# Bild vom laptop auf tablet duplizieren



## alpenpoint (5. März 2012)

Hi,

gibts eine Software oder App die das *Bild vom Laptop auf den Tablet PC duplizieren* kann?

lg, Alpi


----------



## OSche (5. März 2012)

Ganz Spontan, ja Teamviewer App, auf Tablet und die exe am Lapi starten verbinden und los gehts.
TeamViewer: Fernwartung, Online Meeting und Fernzugriff - kostenlos für Privatnutzer

Sogar mit Tastatur- und Mausfunktion.


----------



## Iceananas (5. März 2012)

Eine kostenpflichtige, aber bessere Variante davon ist Splashtop HD/THD (für Tegra Tablets).
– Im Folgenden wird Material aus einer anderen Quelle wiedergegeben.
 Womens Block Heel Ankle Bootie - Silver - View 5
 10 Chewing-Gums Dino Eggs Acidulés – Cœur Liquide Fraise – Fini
läuft mit wesentlich höherer Framerate und die Bedienung ist sehr gut.

Voraussetzung ist natürlich Android. Bei Apple Geräten wüßte ich nichts.


----------



## OctoCore (5. März 2012)

iDisplay - für Äpfel *und* Androiden. 
Kann auch mehr als nur duplizieren - auch als echter erweiterter Desktop oder unabhängiger Zweitmoni.
Auf dem PC zocken und auf dem Tab-Screen die diversen CPU/GPU-Tools laufen lassen, so das man gleich weiß, was Sache ist.

Ansonsten - Teamview wurde schon erwähnt, VNC ... das übliche eben.


----------



## alpenpoint (6. März 2012)

Hallo,

vielen dank, ich werd mich mal unter den genannten Progs umschauen!



lg, Alpi


----------